§ **COLLECTED MATERIAL**
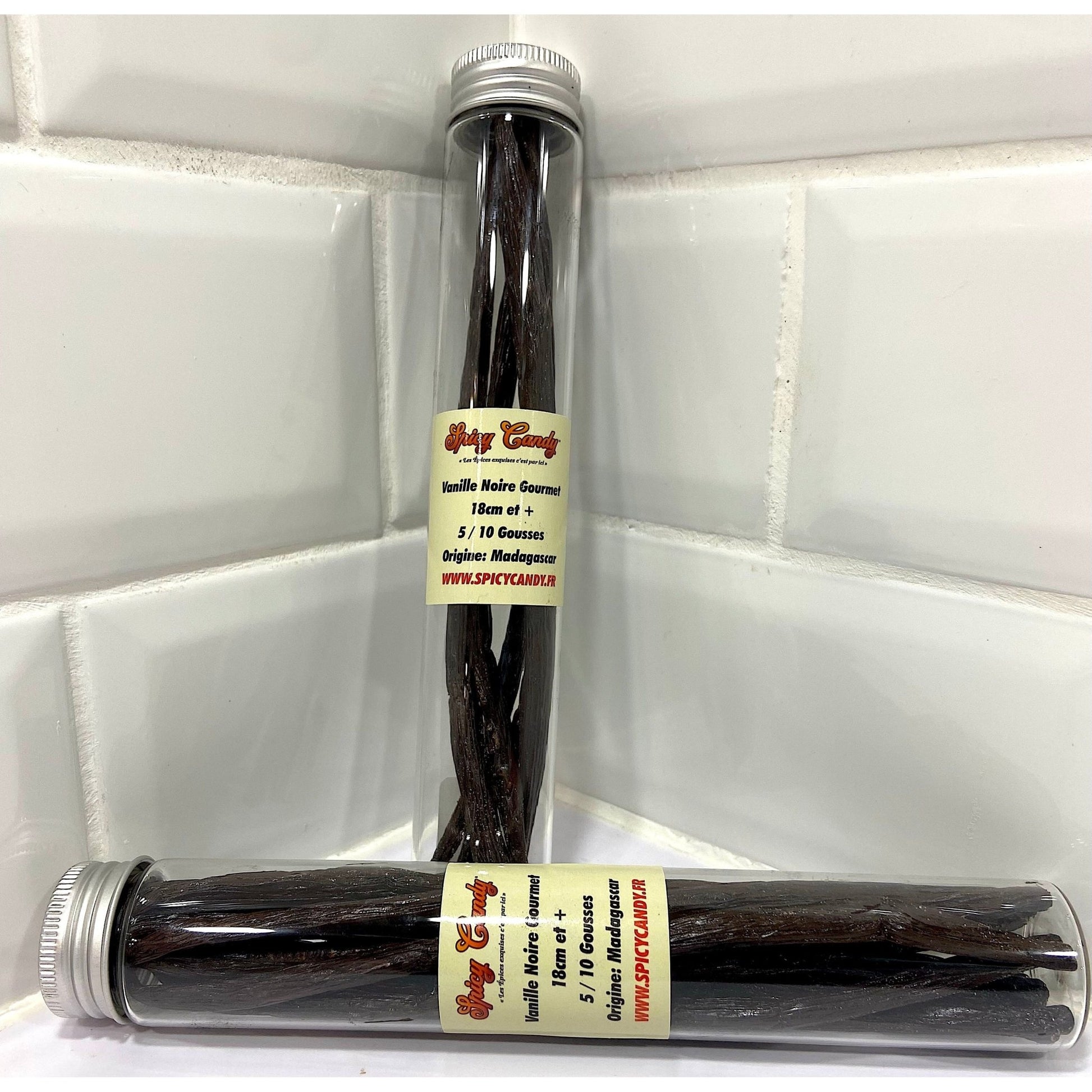 Gousses de Vanille de Madagascar - 18cm - Variété Fiana * Arômes chauds, crémeux et légèrement boisés, avec des nuances de caramel, de miel et parfois des touches florales* - SPICY CANDY®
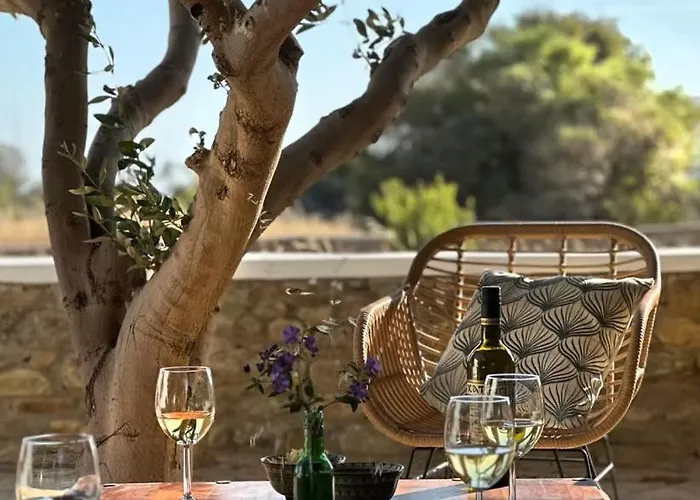 Olive Tree Homes * Chora d'Ios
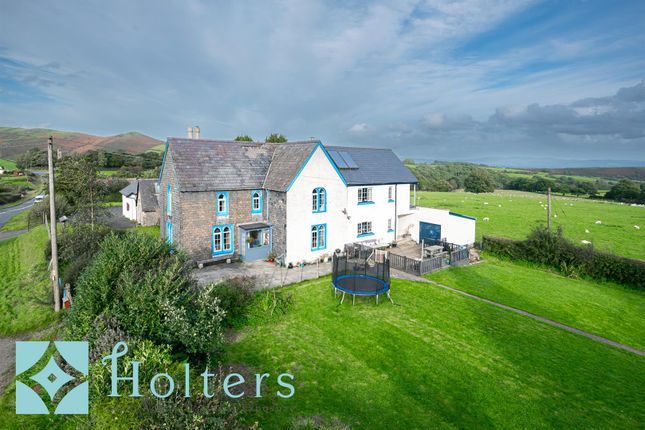 Link-detached house for sale in Llanafanfawr, Builth Wells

§ **WORK REQUEST**
The finished copy should match the data above word for word and contain no pictures.

§ **ANSWER FOR THE TASK**
 Gousses de Vanille de Madagascar - 18cm - Variété Fiana * Arômes chauds, crémeux et légèrement boisés, avec des nuances de caramel, de miel et parfois des touches florales* - SPICY CANDY®
 Olive Tree Homes * Chora d'Ios
 Link-detached house for sale in Llanafanfawr, Builth Wells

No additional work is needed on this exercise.